Elisabeth Guigou dans la tourmente
 
(Article du Dauphiné Libéré  (Page "Nationale" toutes éditions) du 4 septembre 1999)
 
  
Pour permettre au véhicule ministériel de s'extraire du cortège des manifestants qui l'immobilisait devant la mairie de Buis, les gendarmes ont eu des échanges virils avec les agriculteurs
 
Inquiète, la Garde des Sceaux, Elisabeth Guigoux est restée plusieurs minutes prisonnière de la "Safranne" ministérielle chahutée par les manifestants (photos A. Bosmans)
 
        Hier, en milieu d’après-midi, Elisabeth Guigou rendait une visite chaleureuse et amicale  au député socialiste de la circonscription de Buis-les Baronnies dans la Drôme, Michel Grégoire, pour inaugurer notamment toute une série de travaux réalisés dans le chef lieu de canton.  C’est une délégation d’une cinquantaine d’agriculteurs réunis sous la bannière de Confédération paysanne qui l’a accueillie aux portes de la mairie. Les manifestants réclamaient la libération de « José Bové »,  le fondateur de cette organisation syndicale actuellement  écroué après le saccage à Millau d’un McDonald’s en construction.

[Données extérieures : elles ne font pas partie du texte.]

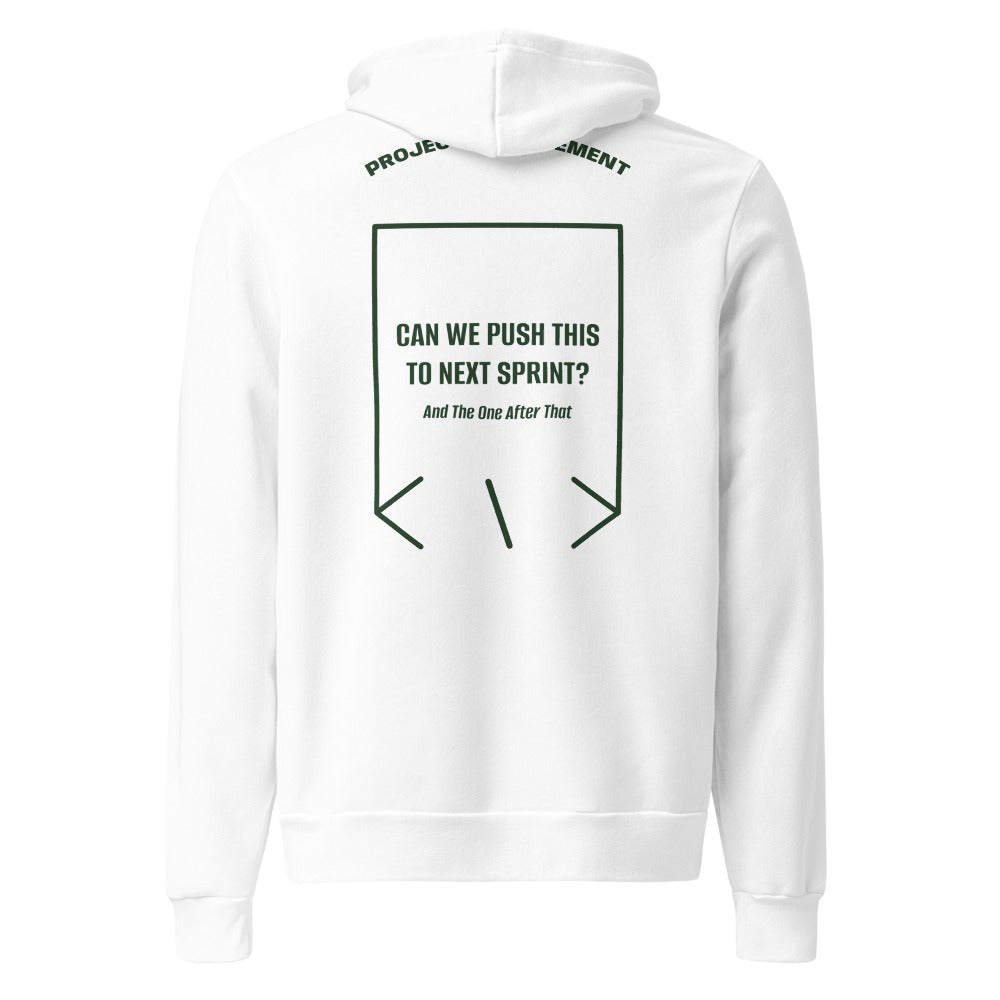 Can We Push This To Next Sprint? — White Forest back mockup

        Le Garde des Sceaux qui a échangé quelques propos avec Robert Arnaud, représentant drômois de la Confédération a eu bien du mal à s’extraire du cortège qui encadrait son véhicule.   Après des échanges plutôt musclés avec la gendarmerie qui organisait  un cordon de protection autour de la « Safrane », la Ministre a donc pu  s’échapper et  honorer sa mission.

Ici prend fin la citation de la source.